**What the task asks**. Every line that contains "Pink" must be located and copied from the data.

Start of Block

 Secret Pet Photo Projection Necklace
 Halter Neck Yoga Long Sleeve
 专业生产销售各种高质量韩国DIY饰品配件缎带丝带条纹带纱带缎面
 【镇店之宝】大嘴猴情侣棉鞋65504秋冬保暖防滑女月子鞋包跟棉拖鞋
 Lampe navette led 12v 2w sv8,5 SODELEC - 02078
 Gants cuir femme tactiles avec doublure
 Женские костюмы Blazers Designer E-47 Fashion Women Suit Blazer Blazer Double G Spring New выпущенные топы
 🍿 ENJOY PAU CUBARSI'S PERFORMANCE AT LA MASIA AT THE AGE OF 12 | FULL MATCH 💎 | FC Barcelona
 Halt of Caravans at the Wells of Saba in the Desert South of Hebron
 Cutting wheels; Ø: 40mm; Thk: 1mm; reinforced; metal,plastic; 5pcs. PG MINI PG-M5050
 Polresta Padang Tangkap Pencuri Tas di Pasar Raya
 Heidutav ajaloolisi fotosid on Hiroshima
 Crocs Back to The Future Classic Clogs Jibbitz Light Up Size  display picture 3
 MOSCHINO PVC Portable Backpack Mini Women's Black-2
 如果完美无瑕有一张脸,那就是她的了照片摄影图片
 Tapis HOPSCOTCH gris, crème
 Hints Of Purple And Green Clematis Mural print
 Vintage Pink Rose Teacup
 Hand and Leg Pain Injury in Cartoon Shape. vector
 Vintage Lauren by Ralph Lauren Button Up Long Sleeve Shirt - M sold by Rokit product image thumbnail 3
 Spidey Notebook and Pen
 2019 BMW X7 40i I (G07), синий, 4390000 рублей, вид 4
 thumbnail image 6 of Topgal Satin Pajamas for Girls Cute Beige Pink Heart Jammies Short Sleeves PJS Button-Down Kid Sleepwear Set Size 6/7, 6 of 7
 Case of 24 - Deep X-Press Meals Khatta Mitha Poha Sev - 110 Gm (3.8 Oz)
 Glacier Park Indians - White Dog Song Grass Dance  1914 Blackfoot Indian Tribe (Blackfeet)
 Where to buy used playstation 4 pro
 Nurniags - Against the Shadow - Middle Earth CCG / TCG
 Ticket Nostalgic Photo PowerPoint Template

End of Block

**Response for this exercise**.
 Vintage Pink Rose Teacup
 thumbnail image 6 of Topgal Satin Pajamas for Girls Cute Beige Pink Heart Jammies Short Sleeves PJS Button-Down Kid Sleepwear Set Size 6/7, 6 of 7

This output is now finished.